A Uneac tem que continuar sendo a casa para pensar sobre Cuba

01/07/2019 15:30

O presidente Miguel Díaz-Canel Bermúdez proferiu um discurso aos escritores e artistas cubanos, na cerimônia de encerramento de seu congresso, onde foi dado um presente ao general-de-exército Raúl Castro Ruz, que enviou uma calorosa saudação a todos os delegados

A certeza de que a liderança do país pode contar com uma União dos Escritores e Artistas (Uneac) comprometida com a Revolução e com os pensamentos de Fidel e Raúl, validou a segunda e última sessão de trabalho do 9º Congresso dessa organização, cujos membros elegeram para sua atual direção uma equipe liderada por Luis Morlote Rivas, na qualidade de presidente.

Na presença do membro do Bureau Político do Partido, Miguel Díaz-Canel Bermúdez, presidente dos Conselhos de Estado e de Ministros; Esteban Lazo Hernández, presidente da Assembleia Nacional; Víctor Gaute, membro do secretariado do Comitê Central do Partido Comunista e chefe do Departamento Ideológico; Alpidio Alonso, ministro da Cultura, e o poeta Miguel Barnet, presidente cessante da Uneac; entre outras personalidades ilustres, o dia, que foi altamente emocionante dada a qualidade e valor das intervenções, foi propício para apresentar o Conselho Nacional eleito, composto por 120 membros, os 23 membros honorários da Uneac, cujos nomes enaltecem essa organização e os presidentes das respectivas associações.

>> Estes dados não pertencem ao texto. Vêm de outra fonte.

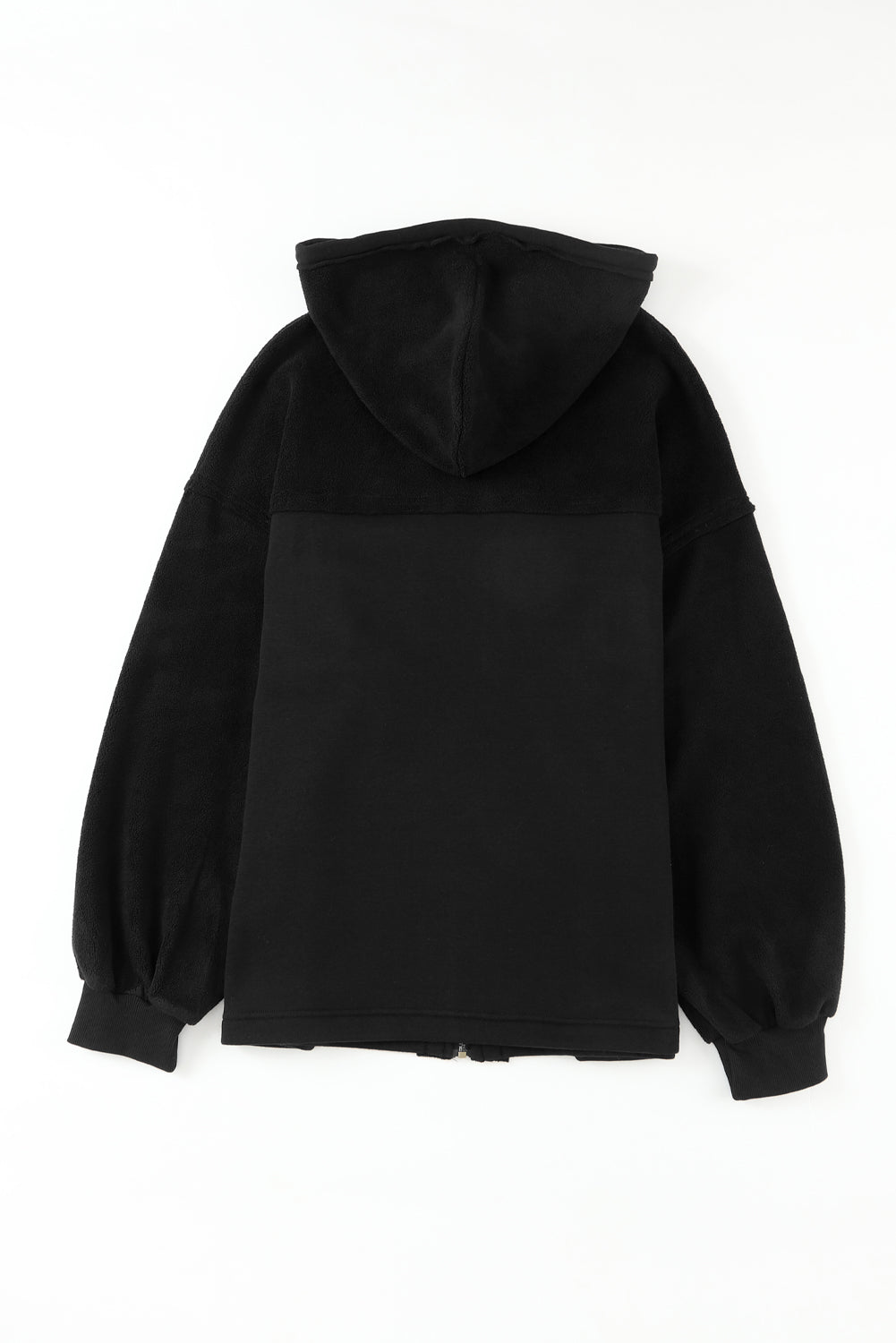 Cali Chic Black Flap Pocket Drawstring Hood Zip Up Jacket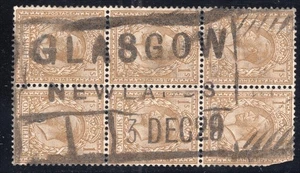 GB 1924 George V one shilling bister-brown perf 15 X 14 block of 6 glasgow parc - Picture 1 of 2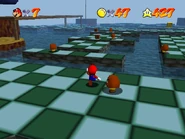 Goombas are wondering around.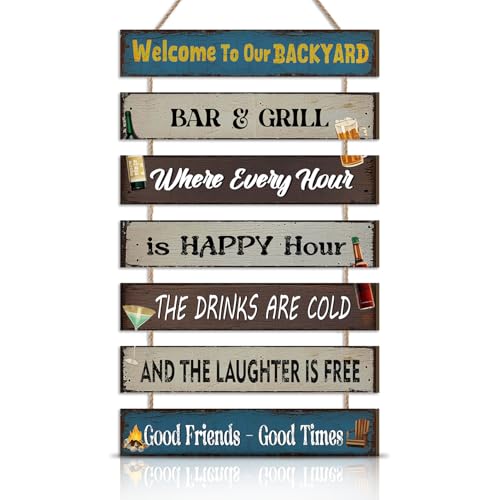 HPNIUB Welcome to Our Backyard Bar Signs, Outdoor Welcome Plaque for Porch Home Garden Patio Deck Wall Decor, Funny Rules Gift for Father’s Day Neighbors Friends Party, Summer Night Party Decorations - size: Welcome to our backyard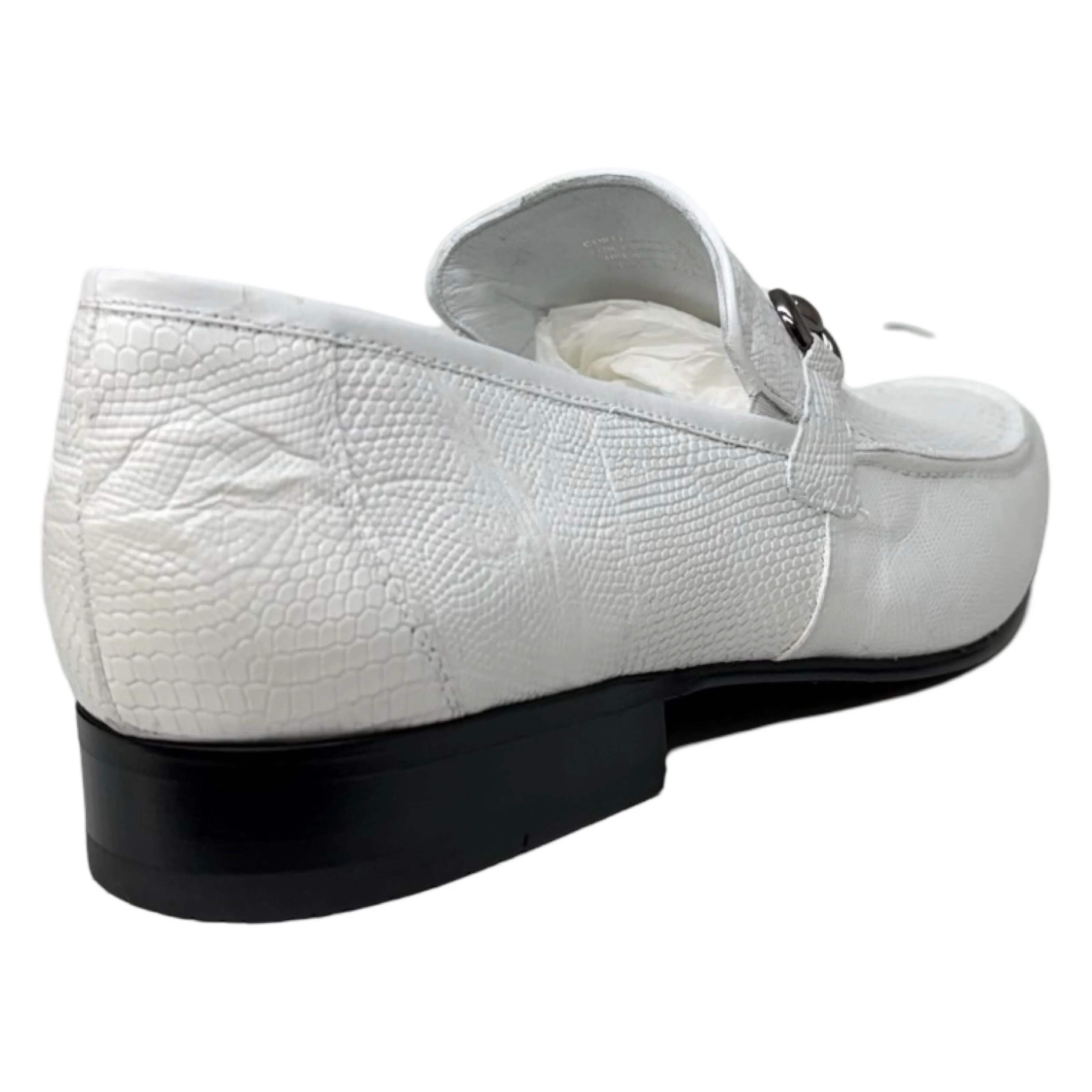 Los Altos White All Over Lizard Bit Dress Loafers
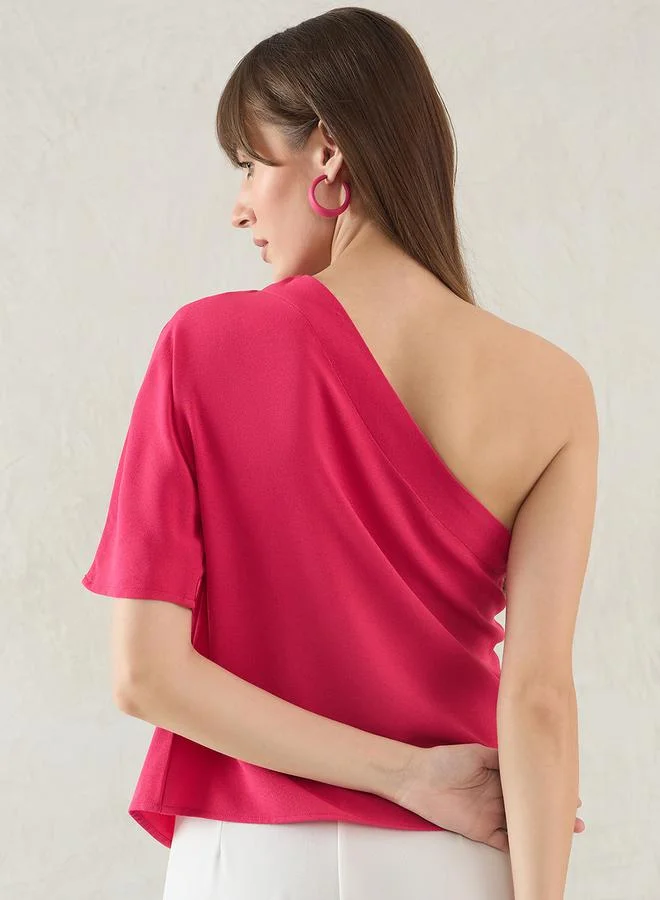 Femmella Femmella Plain Pleated One Shoulder Neck Top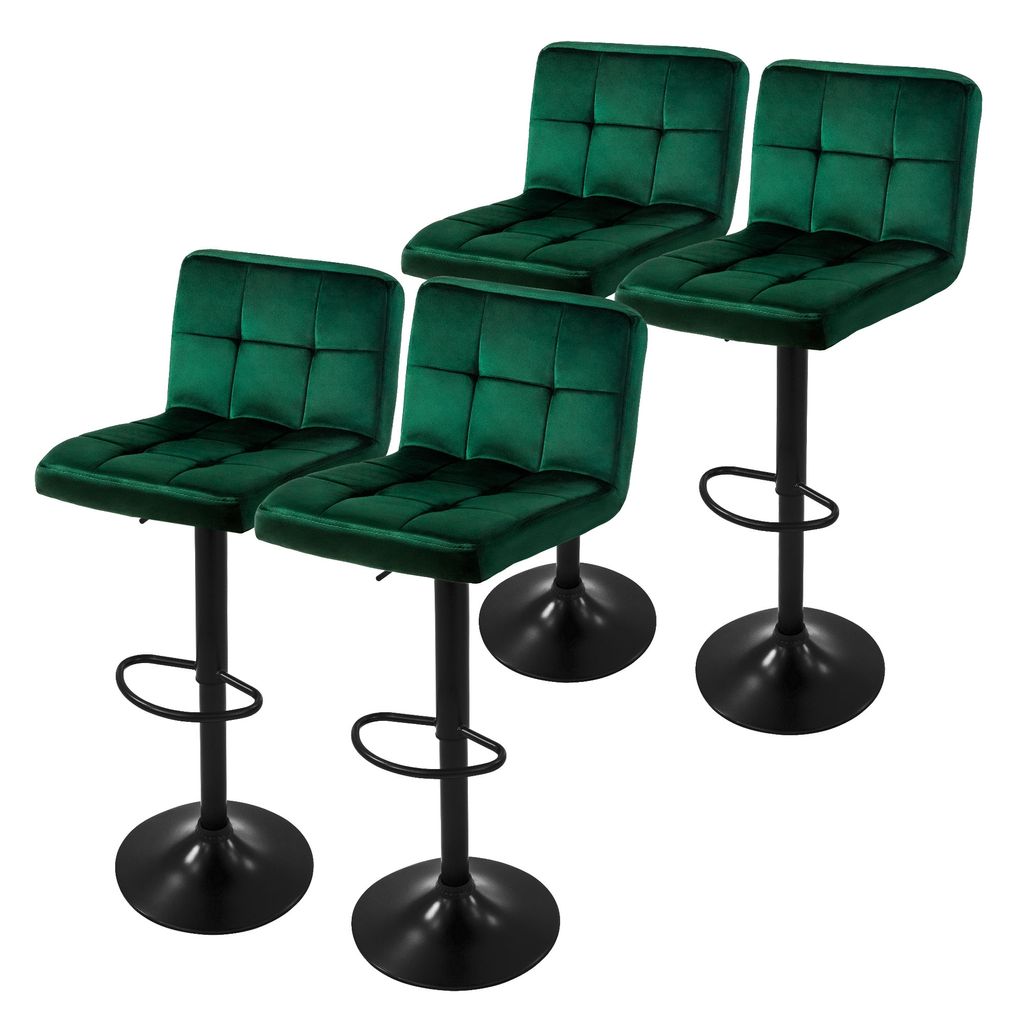 ML-Design 4er Set Barhocker Tresenhocker 360° drehbar, Gepolsterter Barstuhl mit Rückenlehne und Fußstütze, 63-83 cm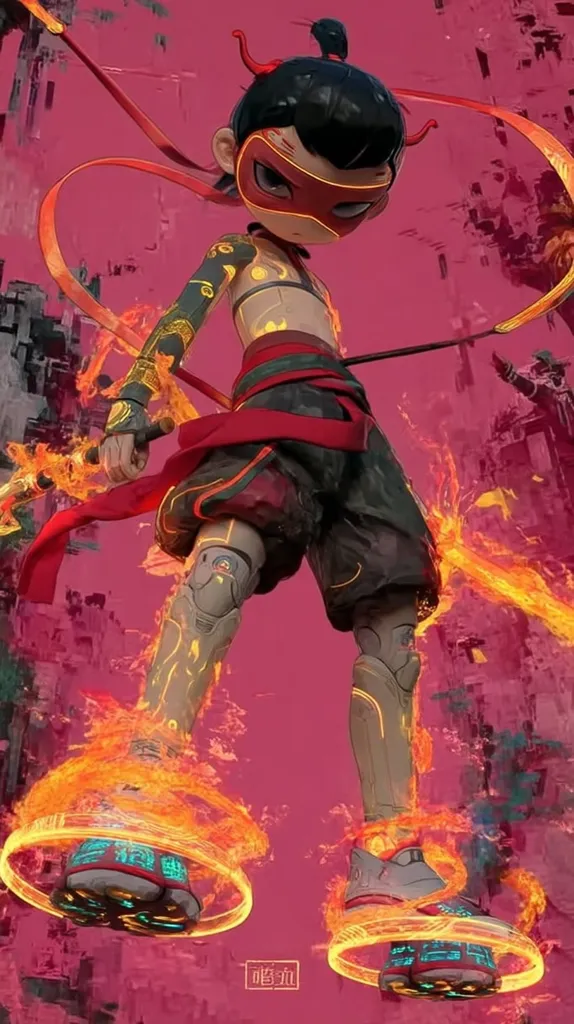 A stylized illustration depicts a young, anime-inspired character, possibly male, wielding a flaming sword.  Clad in red and black attire with futuristic, glowing armor accents, he stands against a vibrant pink and orange background featuring fiery effects around his feet.  The artwork suggests a dynamic, action-oriented scene with a blend of traditional and futuristic elements. The character's mask adds to the mysterious and powerful aura.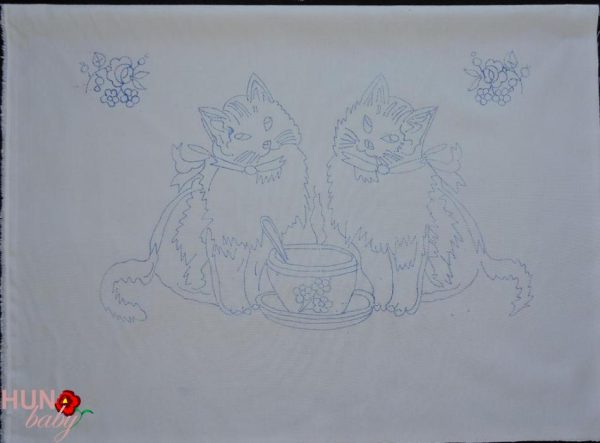 Párnahuzat előnyomott cicák 58x45cm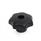 DIN 6336 Boutons étoile, plastique, douille en acier Matériau: KT - Plastique
Type: D - avec alésage traversant fileté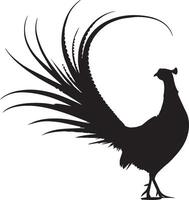 Pheasant silhouette isolated on white background. Pheasant logo vector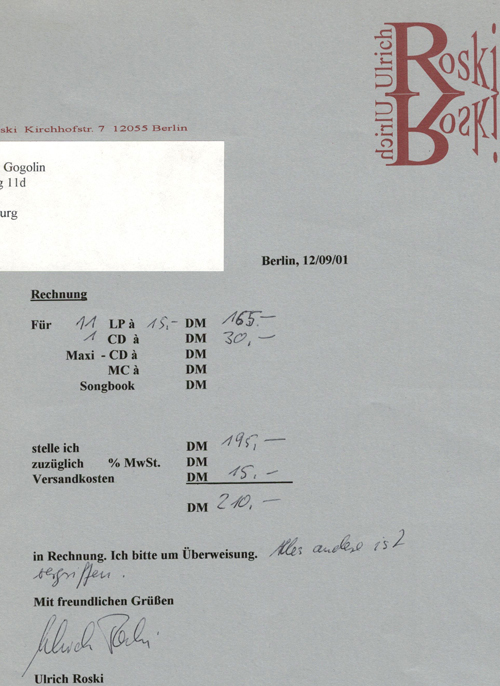 Schallplatten-Rechnung von Ulrich Roski 2001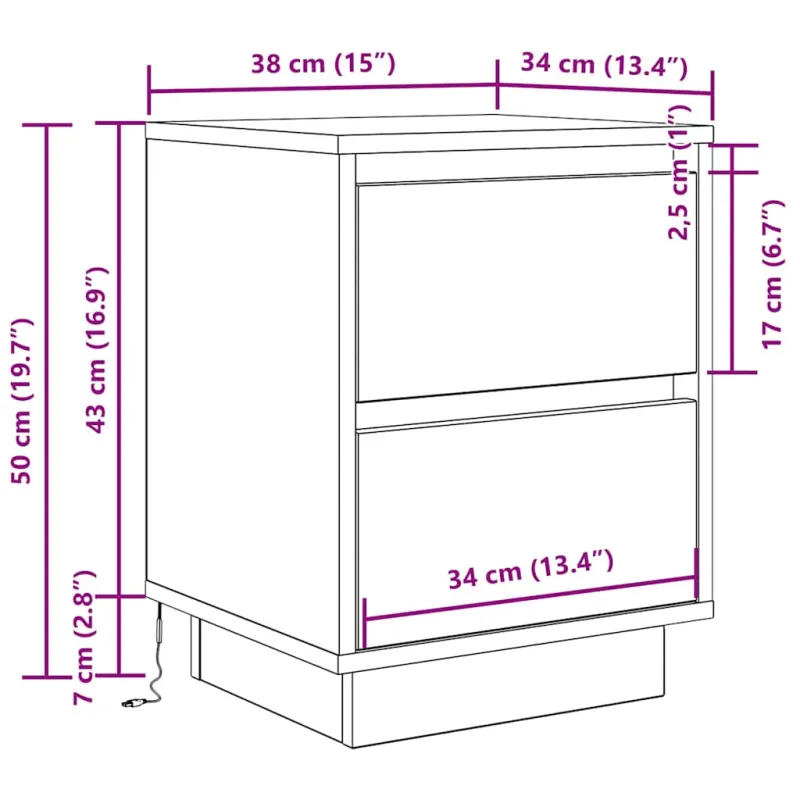 Spintelė prie lovos su LED lemputėmis Rudas ąžuolas 38x34x50 cm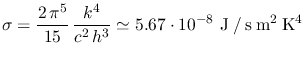 $\displaystyle \sigma = \frac{2\,\pi^5}{15}\,\frac{k^4}{c^2\,h^3} \simeq 5.67\cdot10^{-8}~\mathrm{J \: / \: s \: m^2 \: K^4}$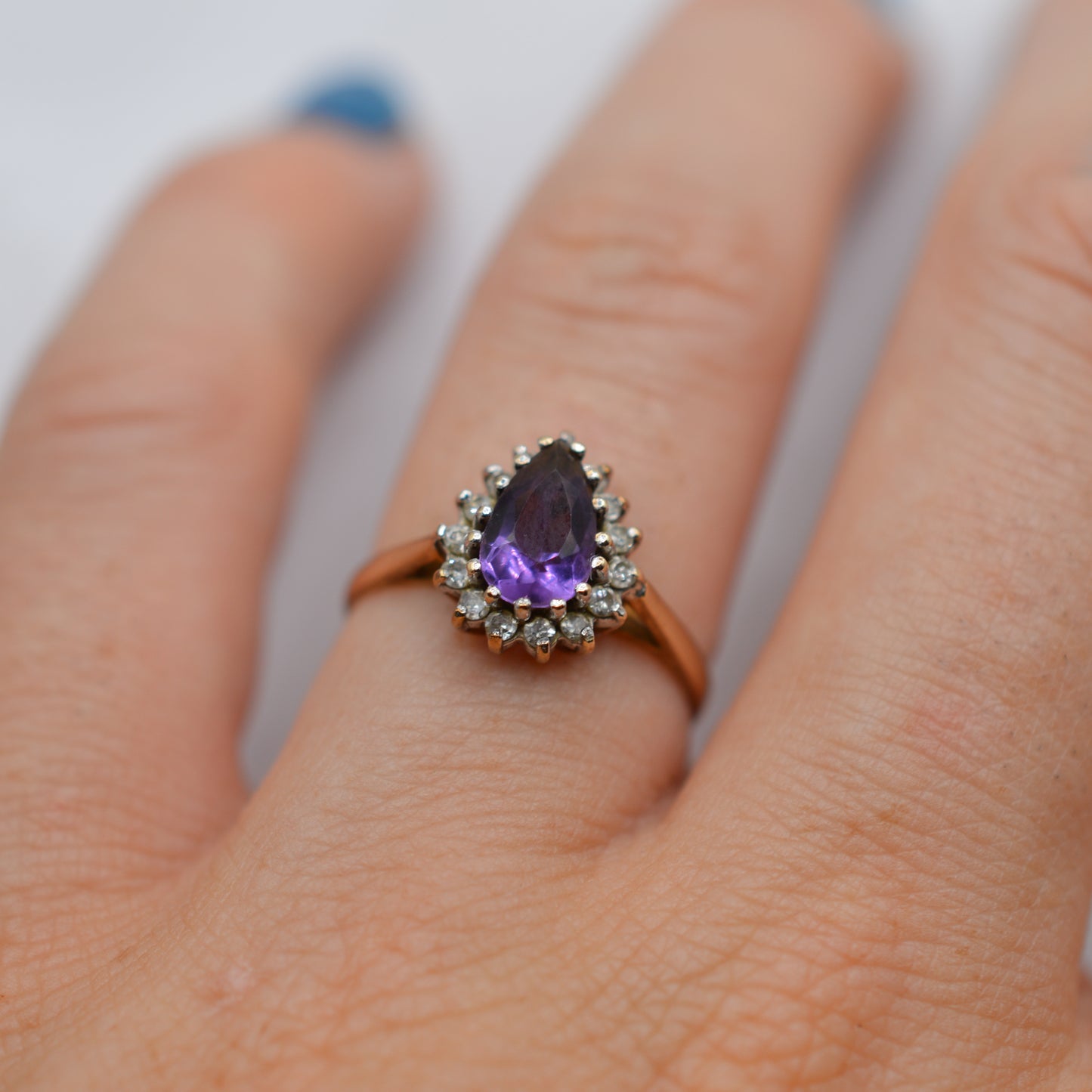 1980s 9ct Gold Amethyst & Diamond Cluster Ring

Para a Uneac foi oportuno entregar ao presidente cubano dois presentes, um para o general-de-exército Raul Castro Ruz (uma obra de Lesbia Vent Dumois) e outro para ele (uma obra de Ernesto Rancaño).

Nas palavras do recém-eleito presidente da organização dos intelectuais, a Uneac, que não parou desde a sua marcha, deve agora procurar «o roteiro» para acompanhar todas as propostas do Congresso, onde «não foi dito nada que não seja valioso».

Consciente de que o trabalho da organização não se pode desmobilizar e a cultura deve acompanhar o nosso presidente, Morlote disse que «temos que fazer a Uneac que o país precisa» e que «tem que continuar sendo a casa para pensar sobre Cuba».

«Nunca nos deixem errar», disse à multidão que ele liderará a partir de hoje, e pediu que, quando os gerentes não estão fazendo o que é necessário, tenham de dizê-lo. Com uma emoção visível, perguntou aos presentes que este Congresso deveria declarar Miguel Barnet presidente de honra da Uneac.

Por sua vez, Barnet, que lembrou seus 22 anos no executivo da Uneac, e 11 na presidência, considerou que todo esse tempo, longe de ser um sacrifício, fê-lo se sentir muito feliz. «Eu me entreguei e continuarei a me entregar», disse Barnet, dizendo que vai continuar defendendo a cultura cubana e o grande legado do Comandante-em-chefe.

Durante o dia, foram anunciados os respectivos pareceres das seis comissões de trabalho, cujo conteúdo foi discutido no dia anterior e pronunciadas por Barnet as palavras conclusivas denominadas «Desafios atuais da cultura cubana», dos quais participaram membros da Uneac em plenário de um debate substantivo, onde foram analisados ​​um conjunto de preocupações, possíveis ações de trabalho e propostas para abordar os propósitos desta entidade.

Os dias de trabalho que o líder da Revolução Cubana realizou na Biblioteca Nacional há 58 anos, conhecidos como ‘Palavras aos intelectuais’, foram uma indicação permanente no Congresso, também oportuna no discurso do presidente Díaz-Canel, que lembrou em vários momentos de sua intervenção, o pensamento claro de Fidel e a confiança de Raul nessa vanguarda criativa, em face da guerra que está sendo travada contra nós.